Initially, Teri McClerklin thought she would go for a Ph.D. in engineering but realized research wasn't the life she wanted. Her experience working in Israel helped her recognize that science and law dovetailed in interesting ways and that intellectual property could become a satisfying career.
I definitely don't think I could have gone straight from undergrad to law school. I needed that time off to breathe and figure out what I wanted to do. I think I'm more focused in law school because of it. I only applied to the Chicago schools and got in everywhere, but Chicago-Kent wasn't just about parading stats and numbers. They were really interested in the quality of the person who was applying.
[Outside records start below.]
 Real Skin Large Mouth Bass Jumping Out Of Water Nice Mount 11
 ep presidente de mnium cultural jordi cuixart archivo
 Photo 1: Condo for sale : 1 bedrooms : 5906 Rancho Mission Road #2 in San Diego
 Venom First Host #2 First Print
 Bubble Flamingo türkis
The camaraderie in classes was a huge thing for me. I had heard horror stories about how cut-throat and competitive law students could be, but I had the exact opposite experience.
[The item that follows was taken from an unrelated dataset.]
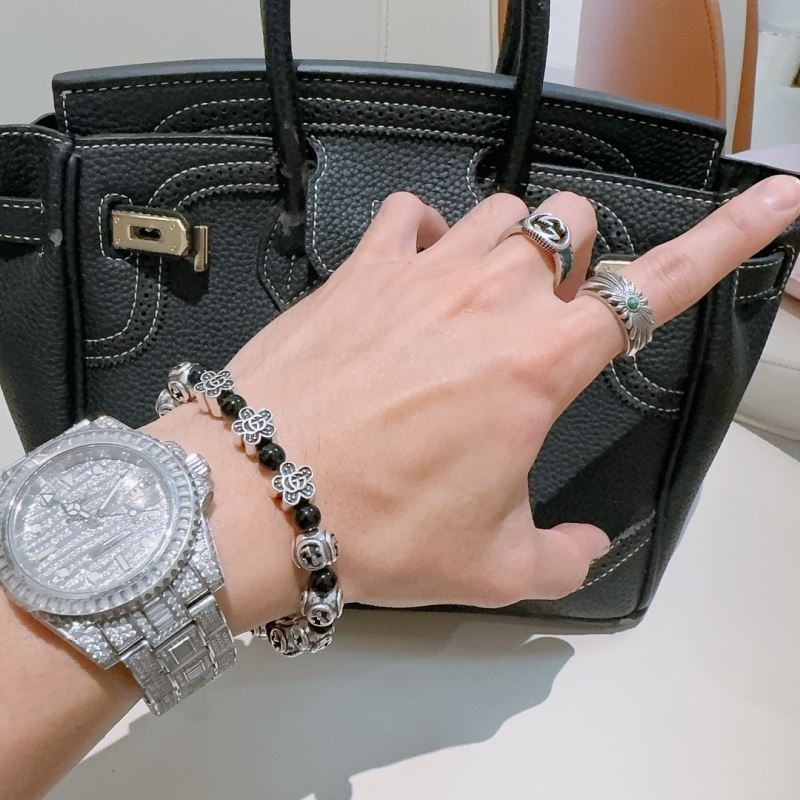 Gvc*1 bracelets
My faculty adviser, Professor Sarah Harding, has gone a long way in giving me great advice. Every time I sit down and talk to her about my goals, she has a ton of ideas about how I can get to where I'm trying to go.
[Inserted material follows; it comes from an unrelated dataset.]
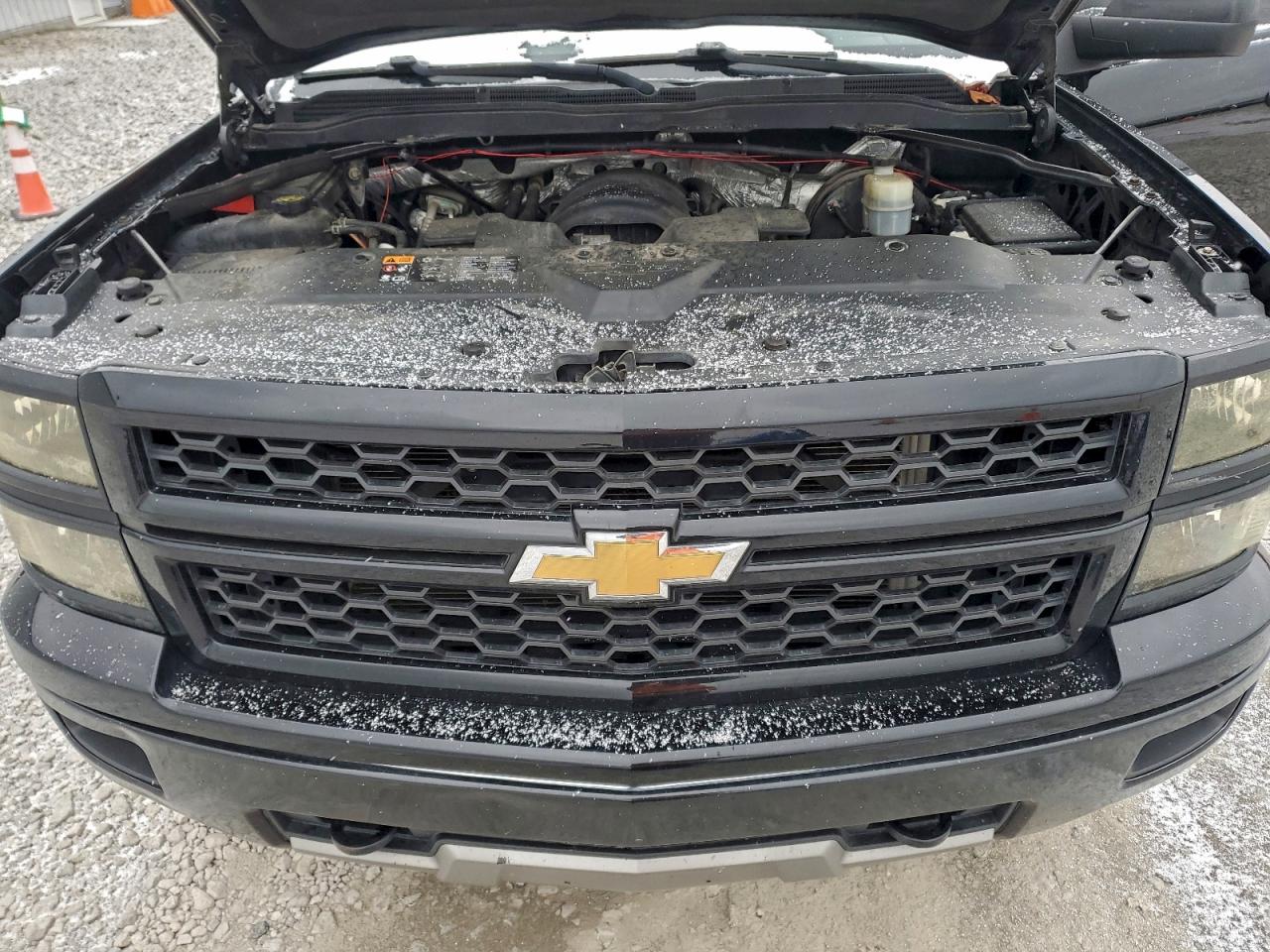 2014 CHEVROLET SILVERADO K1500 LT photo 11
In engineering, I was learning mathematical equations and scientific theories. Law basically uses day-to-day language to express something in the legal realm. It's a different way of looking at things. I was fortunate to get an associate position last summer, and I was equally fortunate to get another for the upcoming summer. Both are large firms with IP practices. I'm very happy in the field of IP law. I don't know where life's going to take me, but for the foreseeable future, IP is my career.